• **TASK GOAL**
Down to the final line, write out the data below exactly.

Top of EXERCISE DATA

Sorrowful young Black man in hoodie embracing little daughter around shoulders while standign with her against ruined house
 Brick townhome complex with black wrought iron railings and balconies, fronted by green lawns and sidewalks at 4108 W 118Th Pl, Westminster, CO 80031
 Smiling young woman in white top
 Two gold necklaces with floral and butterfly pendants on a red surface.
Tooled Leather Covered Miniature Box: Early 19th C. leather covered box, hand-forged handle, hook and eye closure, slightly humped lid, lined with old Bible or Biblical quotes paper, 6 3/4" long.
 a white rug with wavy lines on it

Bottom of EXERCISE DATA

• **RESPONSE BOX**
Sorrowful young Black man in hoodie embracing little daughter around shoulders while standign with her against ruined house
 Brick townhome complex with black wrought iron railings and balconies, fronted by green lawns and sidewalks at 4108 W 118Th Pl, Westminster, CO 80031
 Smiling young woman in white top
 Two gold necklaces with floral and butterfly pendants on a red surface.
Tooled Leather Covered Miniature Box: Early 19th C. leather covered box, hand-forged handle, hook and eye closure, slightly humped lid, lined with old Bible or Biblical quotes paper, 6 3/4" long.
 a white rug with wavy lines on it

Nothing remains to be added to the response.